1. Description of the Related Art
Aseptic packaging of milk, juice, other flowable foods, and other products requires that the product must be initially sterilized or otherwise treated, as by pasteurizing it. Then, throughout the packaging operation, the product must be kept sterile. Care must be taken to ensure that the product is not contaminated with cleaning fluids, lubricants, ambient air, or non-sterile matter. If the product is not aseptic (for example, properly-handled conventionally pasteurized milk is not aseptic), stringent steps must be taken to avoid trapping the product in any crevice, pocket, dead end or mechanism, as an entrapped product which is not aseptic when it enters may sustain microbial growth and may form unsightly lumps or particles. This machinery must be designed to facilitate regular inspection of any mechanism which might deteriorate and thus trap the product or expose it to contaminants.

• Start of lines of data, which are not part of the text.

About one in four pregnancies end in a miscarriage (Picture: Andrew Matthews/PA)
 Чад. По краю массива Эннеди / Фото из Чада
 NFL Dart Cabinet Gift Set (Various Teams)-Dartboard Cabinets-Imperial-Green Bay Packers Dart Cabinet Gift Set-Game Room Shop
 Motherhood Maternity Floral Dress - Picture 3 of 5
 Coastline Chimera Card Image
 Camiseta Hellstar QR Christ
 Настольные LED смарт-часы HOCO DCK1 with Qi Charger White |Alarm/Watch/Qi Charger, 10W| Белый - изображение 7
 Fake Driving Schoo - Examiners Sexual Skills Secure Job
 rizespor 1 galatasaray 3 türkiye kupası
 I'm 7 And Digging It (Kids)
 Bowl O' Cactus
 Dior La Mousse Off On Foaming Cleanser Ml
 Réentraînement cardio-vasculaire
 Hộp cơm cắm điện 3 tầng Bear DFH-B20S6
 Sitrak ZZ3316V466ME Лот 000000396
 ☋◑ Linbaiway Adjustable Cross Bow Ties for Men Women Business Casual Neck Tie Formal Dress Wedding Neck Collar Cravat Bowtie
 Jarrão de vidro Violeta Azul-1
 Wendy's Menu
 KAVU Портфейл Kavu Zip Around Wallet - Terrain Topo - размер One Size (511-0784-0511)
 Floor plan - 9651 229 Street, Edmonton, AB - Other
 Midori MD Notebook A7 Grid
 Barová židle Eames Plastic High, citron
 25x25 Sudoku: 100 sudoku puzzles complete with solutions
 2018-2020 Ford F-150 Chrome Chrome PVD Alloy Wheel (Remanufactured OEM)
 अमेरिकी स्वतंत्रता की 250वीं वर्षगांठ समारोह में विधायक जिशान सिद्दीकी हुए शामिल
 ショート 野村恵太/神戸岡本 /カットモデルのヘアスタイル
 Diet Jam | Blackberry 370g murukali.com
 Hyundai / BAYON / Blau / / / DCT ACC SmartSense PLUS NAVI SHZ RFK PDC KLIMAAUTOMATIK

Block-and-bleed valve assemblies, also known as "leak detector" valves, have been used to ensure that two process streams, like a sanitary product and a cleaning fluid which are to flow alternately through the same piping, do not mix, either during normal operation or due to leakage or other failure of a single valve. Two valves are provided in series in a block-and-bleed valve. The inlet valve is located at the inlet to the valve chamber, and is normally closed to stop the flow of one of the fluids into the chamber. The outlet valve is located at the outlet to the valve chamber, and is normally closed to stop the flow (usually, unintended backflow) of the other of the fluids into the valve chamber. A normally-open drain in the valve chamber, which is also valved, facilitates leak detection. For example, the drain tube leaving the valve can be transparent so any leakage into the drain may be seen by an operator.
In conventional block-and-bleed valves, two or more separate valve bodies are assembled to form the complete valve assembly, as by welding a tee of tubing between the outlet ports of the respective valve bodies. The tubing and valve outlet passages in the resulting assembly define a "dead leg" which is longer than optimal. Dead legs and poorly drained internal valve surfaces represent places where a product or chemicals may undesirably pool.